Apart from time as a distinct issue, “scarcity of hospital pharmacy staff” is pronounced in H-SR and H-CR, accounting for 4/12 (33%) of the FMs as they have a lower staff number. These failures are in line with the WHO's report predicting the ongoing global shortage of health-care professionals to reach 18 million professionals worldwide by 2030 (59). As such, scarcity is also an issue in hospitals employing a larger staff as well (H-AT, H-GR, and H-SP). Partially owing to a “lack of time” and “task prioritization,” health-care professionals do not view “the assessment of antibiotic alternative's appropriateness” as a priority and part of “everyday practice” (H-GR, H-SP, H-CR, and H-SR). Consequently, proper patient clinical status assessments and patient safety could be jeopardized when trying to find a suitable alternative. Inappropriate medicine management also further adds to risk by limiting the ability of health-care professionals to assess the individual patient's needs in a shortage (2).

When staff or time is short, it limits the ability of health-care professionals to find an appropriate alternative. Therefore, alternatives should be established in advance for critical medicines used in the ER and other departments because they are most often affected by shortages (2, 7, 45, 60). When substituting a medicine, it is necessary to have experienced hospital pharmacists perform accurate calculations (4).

Monitoring and Communication With a Patient Throughout Antibiotic Shortages

In the literature, the focus has shifted from barely reporting and listing shortages to characterizing their impact on patient safety and the harm caused. The literature also proposes a variety of management “strategies,” which are highly needed, as confirmed by findings from the present research (47, 61). Gundlapalli et al. (15) highlight the need for new modalities of managing shortages to be necessary because practitioners are now able to gather data on shortages more quickly than previously (15). However, disseminating data on the clinical impact where insufficient antibiotics substantially affect treatment is still missing (15).
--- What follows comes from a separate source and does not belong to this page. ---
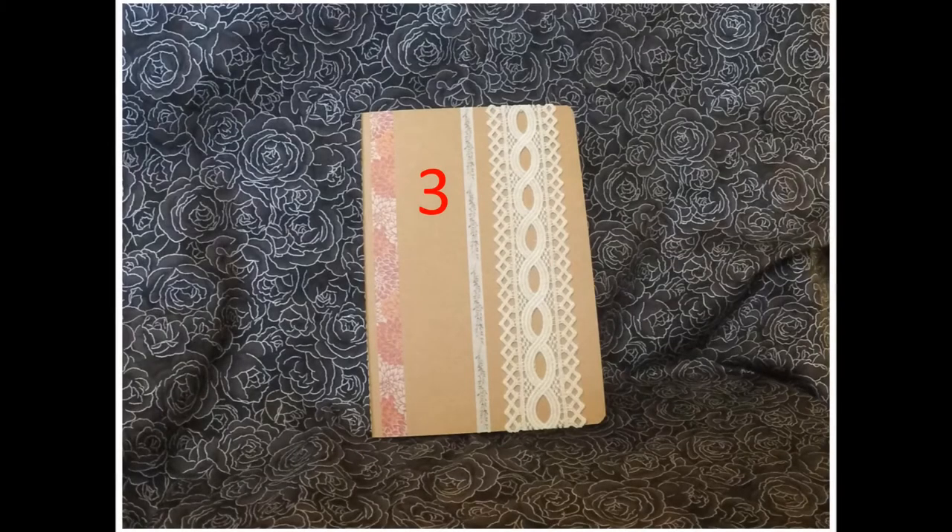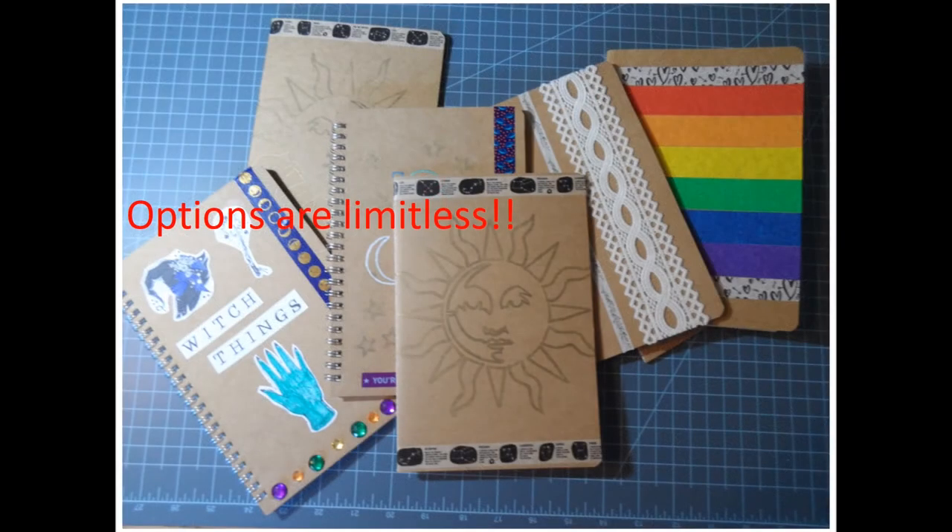For the third design I just used ribbon cut to the length of the cover and coordinating washi tapes. I carefully glued the ribbons with craft sticks or something flat to evenly distribute the glue. As you can see in this picture, you have endless design options for a unique journal. Other embellishments can include gemstones and images printed from the internet. Really, the sky's the limit when customizing your own journal.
Substitution therefore depends on the aggregated data based on the extent of shortages as well as their impact on clinical practice and potential solutions of dealing with the shortage (10, 15).
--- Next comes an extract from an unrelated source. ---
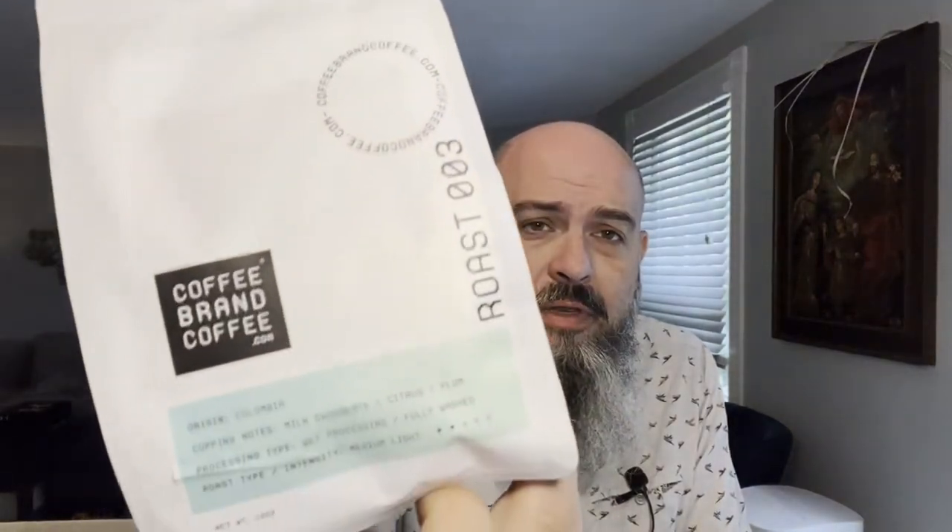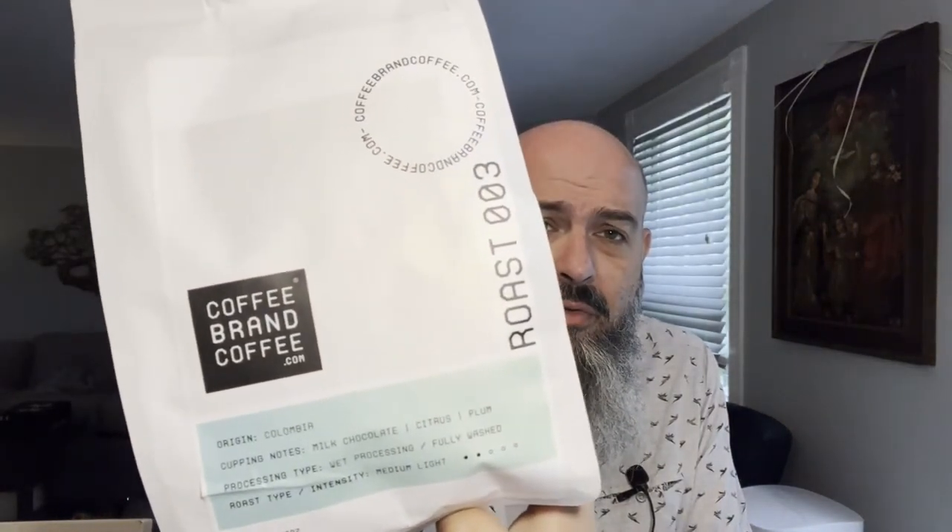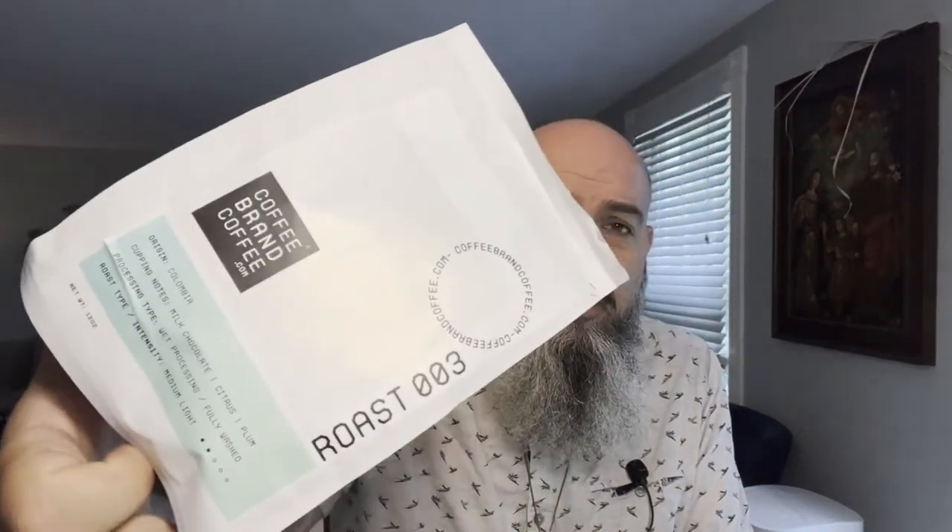Good morning. I'm in need of some coffee, so today we're going to try out the coffee brand coffee and their roast number three. I also have roast number two here, but we're going to try three because it is a Colombian coffee, and it's a good way to compare a lot of coffees — in America, Colombian coffee is sort of a real standard.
The HFMEA bears out the need for more effective strategies to overcome shortages through data sharing and monitoring. When an alternative antibiotic is introduced, several research HFMEA study teams had highly scored FMs related to the absence of patient monitoring (H-SP-9, H-SR-9, and H-CR-16, but 12 under partially conducted monitoring). Insufficient checking of the patient's medical records in H-GR (HS = 12) and H-SP (HS = 9) were also found.

When introduced, the patient must be additionally monitored as the substitute might not be the best possible therapeutic solution (62). Patient monitoring of alternatives was shown in the HFMEA to be regularly conducted in H-BE (allowing for time). Whereas, in H-CR, H-SP, and H-SR, interlinked FMCs including a lack of staff, IT support, and available laboratory software for data to be cross-checked (H-SP) hindered this type of monitoring. Antimicrobial stewardship programs, facilitated by electronically led medical records, are also needed to support continuous, effective monitoring and evaluation of patient health outcomes after substitution takes place in order to provide corrective measures in time if needed (63). Corrective actions are avoidable if patients stay under supervision during substitution, allowing follow-up on the effectiveness of the new therapeutic regime.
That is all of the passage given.